An exact reproduction is needed of every line from the beginning of the data down to and including the line that contains "Lake Bestie Best", minus the pictures.
INFORMATION section start
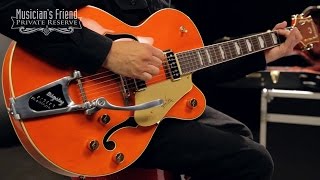 Video thumbnail for Gretsch Guitars G6120DE Duane Eddy Hollowbody Electric Guitar by Musician's Friend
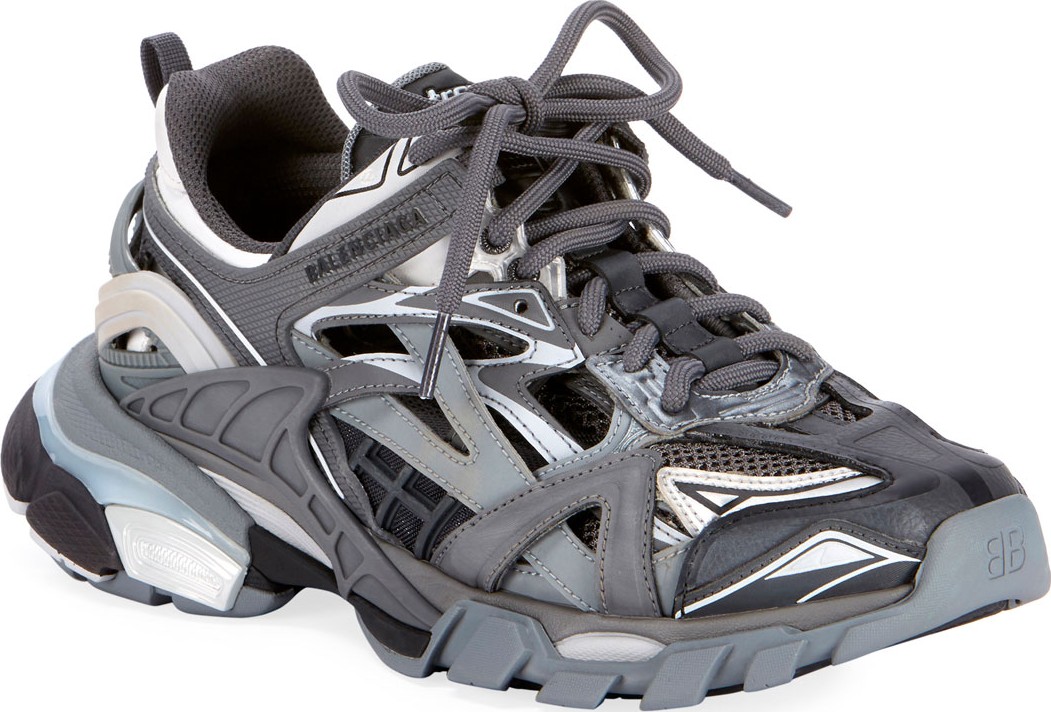 Balenciaga Track 2 Open Metallic Sneakers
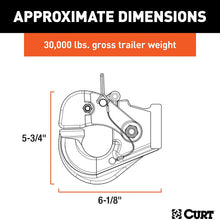 CURT 48215 Pintle Hook Hitch 30,000 lbs, Fits 2-1/2 to 3-Inch Lunette Ring, Mount Required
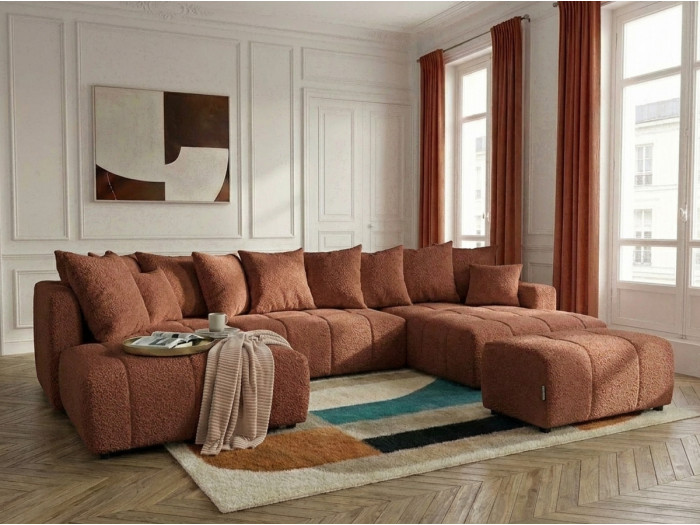 Canapé panoramique convertible ROXELANE tissu bouclette avec pouf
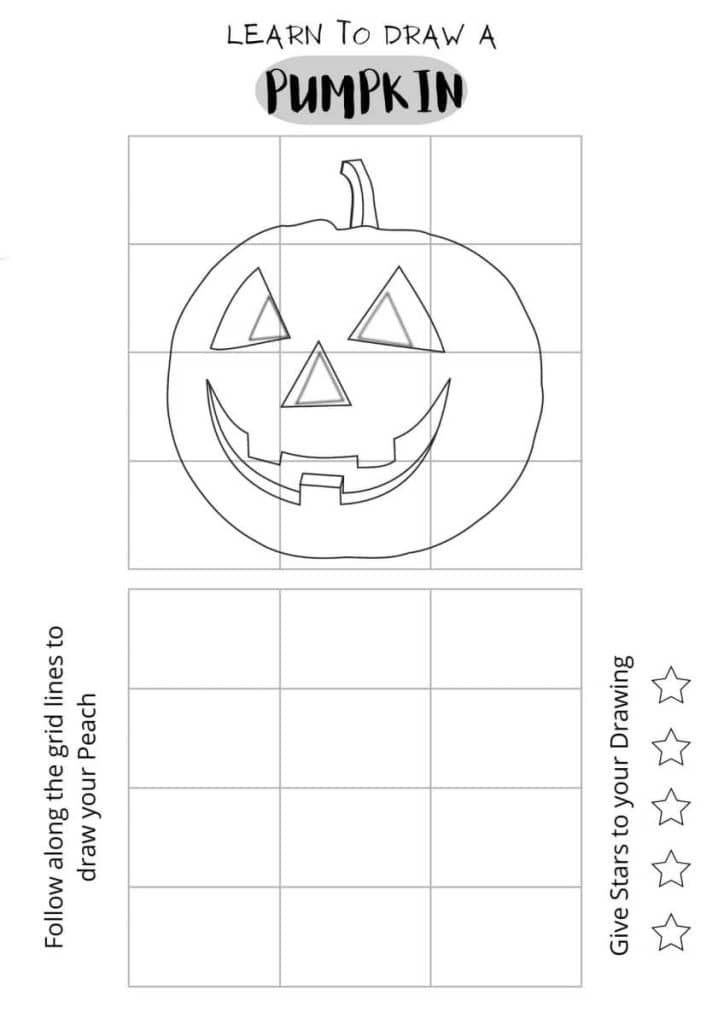 Draw a Halloween Pumpkin, pumpkin for kids, easy drawing, free printables, home studies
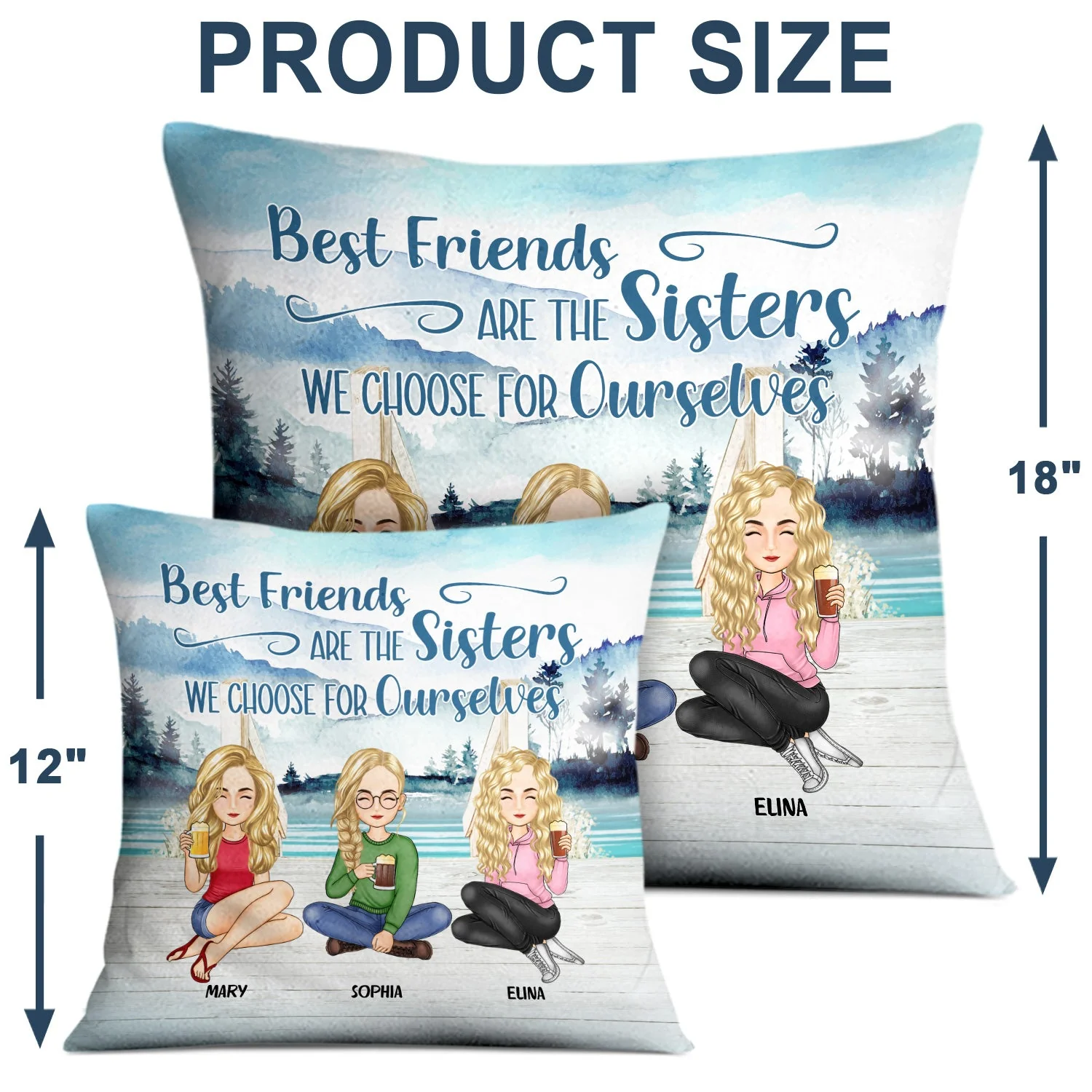 Lake Bestie Best Friends Are The Sisters - Gift For Besties - Personalized Pillow - Image 4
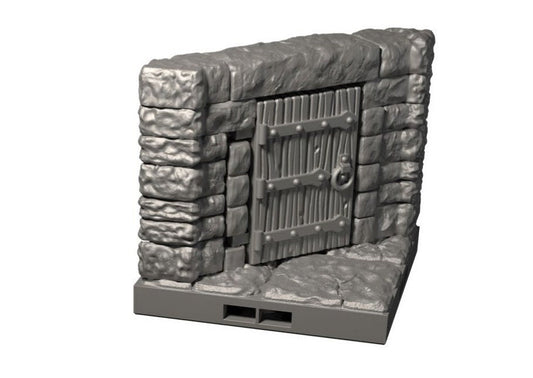 Diagonalwand mit Tür Dungeon, 3D gedrucktes Gelände von Fat Dragon Games, Ultimate Dragonlock Scenery oder Terrain für 28mm Tabletop Gaming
INFORMATION section end
[TASK RESPONSE]
 Video thumbnail for Gretsch Guitars G6120DE Duane Eddy Hollowbody Electric Guitar by Musician's Friend
 Balenciaga Track 2 Open Metallic Sneakers
 CURT 48215 Pintle Hook Hitch 30,000 lbs, Fits 2-1/2 to 3-Inch Lunette Ring, Mount Required
 Canapé panoramique convertible ROXELANE tissu bouclette avec pouf
 Draw a Halloween Pumpkin, pumpkin for kids, easy drawing, free printables, home studies
 Lake Bestie Best Friends Are The Sisters - Gift For Besties - Personalized Pillow - Image 4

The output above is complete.